Marco Rubio previewed a major climate change battle coming soon to a government near you in his response to Obama's State of the Union Address:
When we point out that no matter how many job-killing laws we pass, our government can't control the weather - he accuses us of wanting dirty water and dirty air.
"Government can't change the weather." I think we're going to be hearing that one over and over. Rubio repeated the line this morning on Fox News. It's both a straw man, and, in a narrow sense, a false statement. Rubio's statement makes it seem like Obama believes that he can turn summer into winter. No, government can't control the weather in the way that it can control interest rates. But here are two facts:
1) The temperature has risen about 1.4 degrees Fahrenheit every decade since 1901, and more in the last three decades. Climate scientists, working independently and testing each other's work have found that this change is entirely anthropogenic. The Berkeley Earth project was initially designed by a skeptic who thought these results might be exaggerated. He confirmed them exactly (much to his surprise). Global temperatures are rising and humans are partially responsible.
2) Carbon emissions are a central mechanism by which humans affect the climate. The government has in place, and can change, regulations that govern these carbon emissions. Yes, China with quadruple the population of the U.S. is the leader in carbon emissions, but the U.S. is the leader in emissions per capita, and regardless, that ought to mean we should be pressuring China to join us, not giving up the project entirely.

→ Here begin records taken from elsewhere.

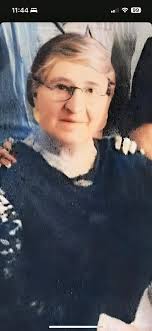 SOLVED (thanks to Caroline!): Martha Ann Davies née Williams was born 19  Jun 1875 in Dowlais, Merthyr, and died 19 Sep 1966 in Quinton, Birmingham.  She is buried at Quinton Cemetery, Halesowen,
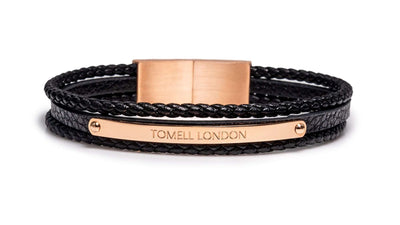 CAIRO | ROSE GOLD - Tomell London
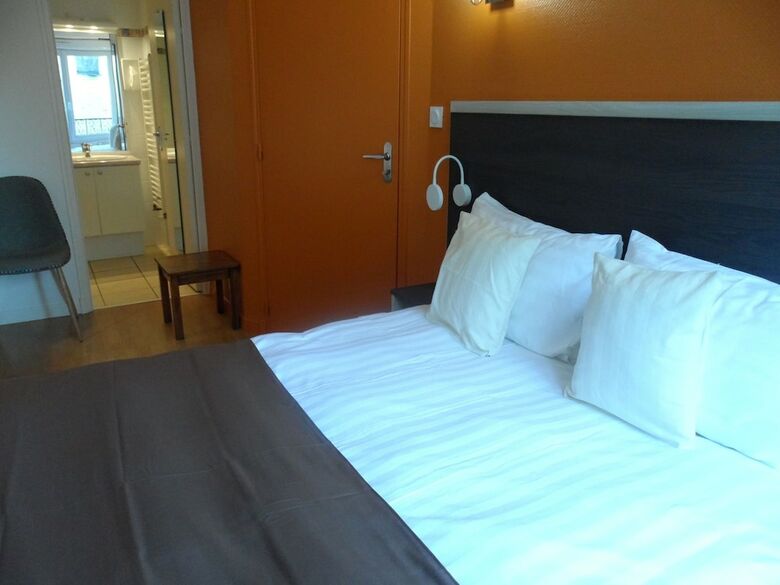 Hotel Le Petit Keriquel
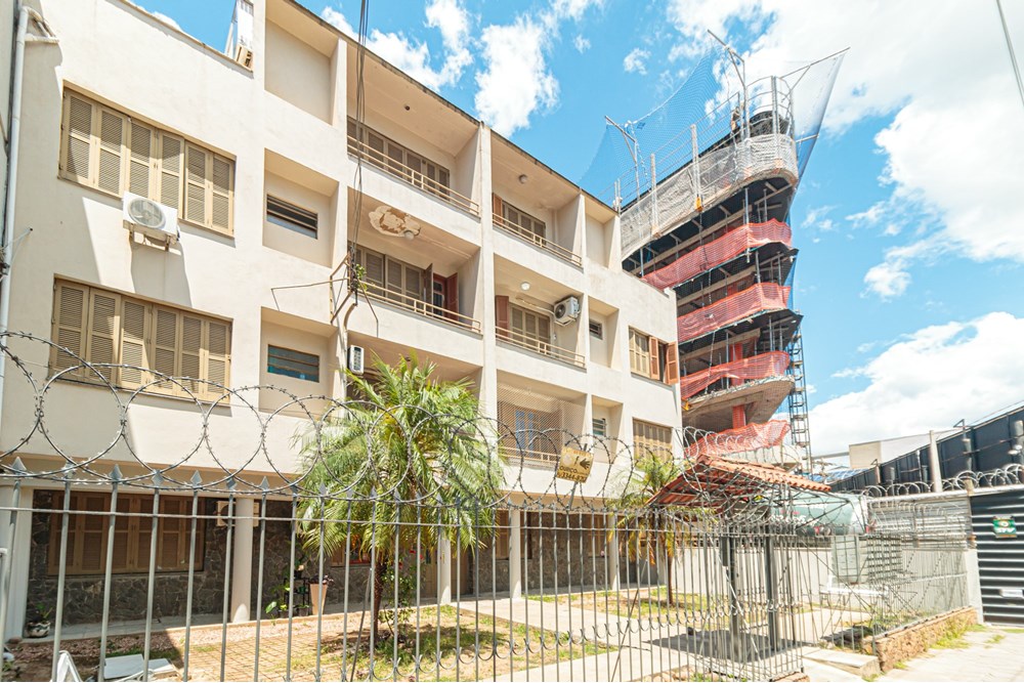 Apartamento, 2 quartos, 59 m² - Foto 14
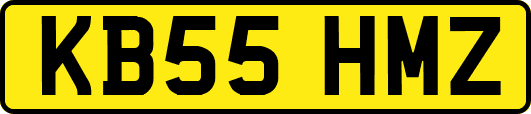 KB55HMZ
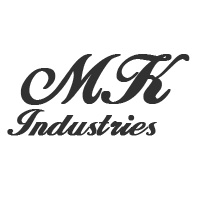 MK Industries Logo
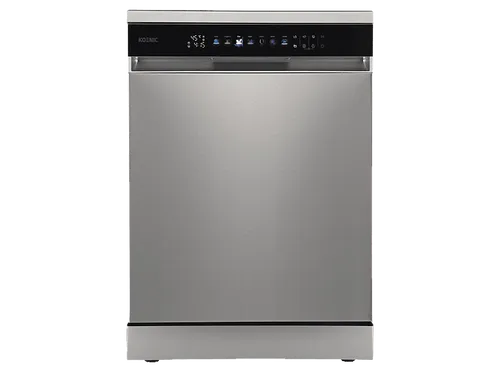 KOENIC KDW 6021-2 B IN Geschirrspüler (freistehend, 598 mm breit, 42 dB (A), B)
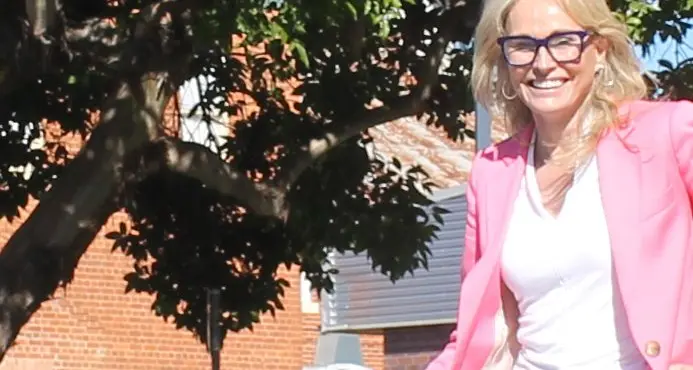 Community on board for Great Vic Bike Ride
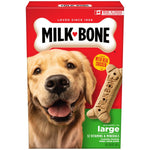 Original Large Dog Biscuits - 900 g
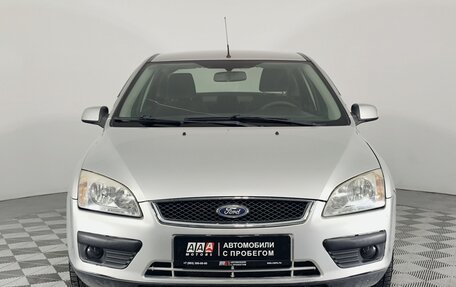 Ford Focus II рестайлинг, 2008 год, 629 000 рублей, 2 фотография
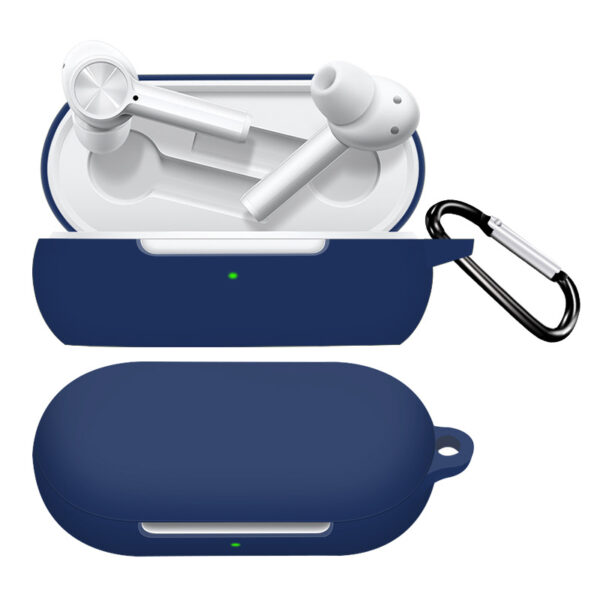 Oneplus Silica Gel Buds Earphone Case - Image 4
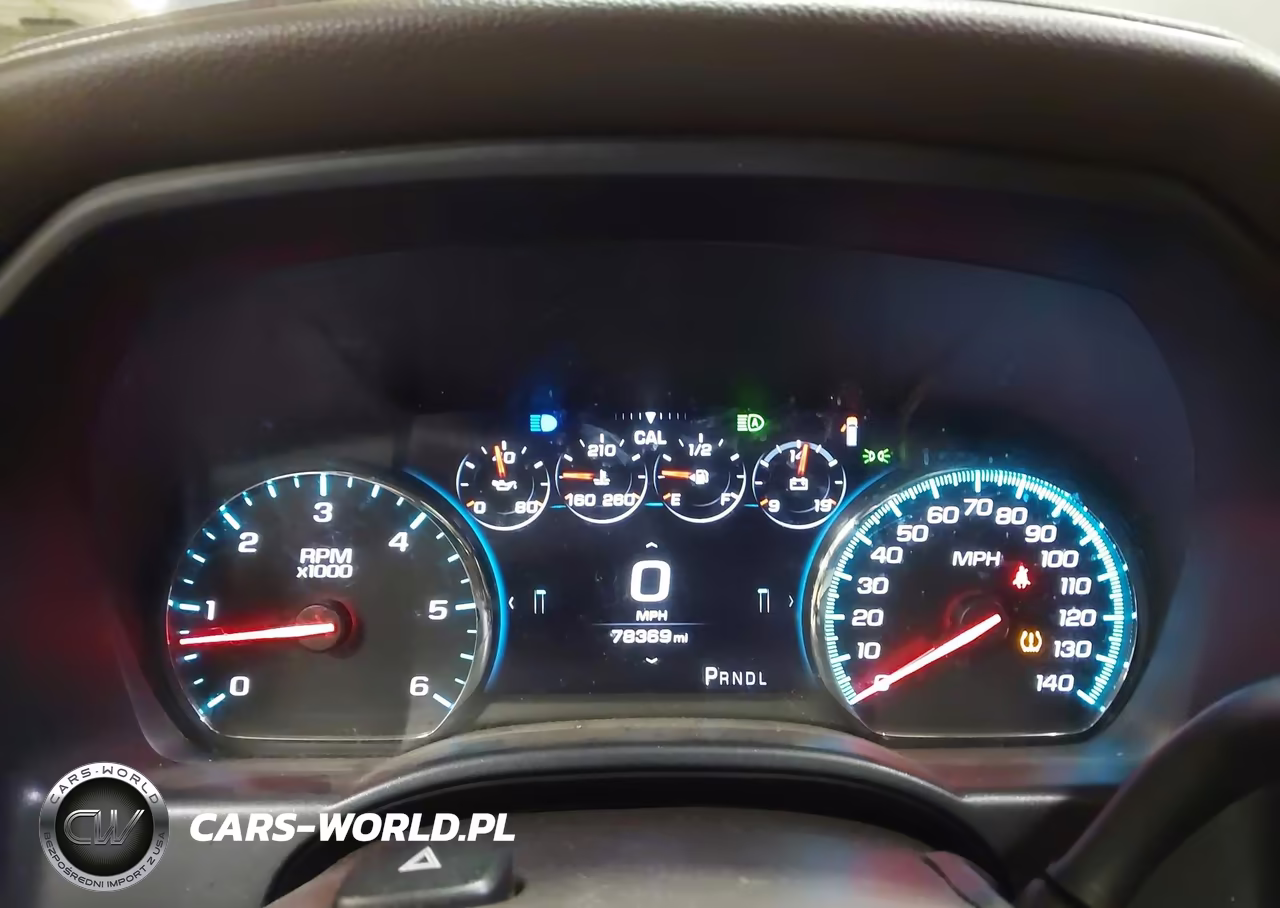 2018 GMC Sierra 1500 Denali VIN:3GTU2PEJ2JG588048 - 7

So, though it's only by a fraction of one degree per decade, the government can and should "control the weather" by reducing carbon emissions, creating incentives for more energy efficient homes (insulation is a better investment than any stock) and businesses (CFL lights!).
Be careful what you wish for Senator Rubio. If we do nothing to combat climate change, droughts could be the norm, and your trusty bottle of water might not be so easily accessible.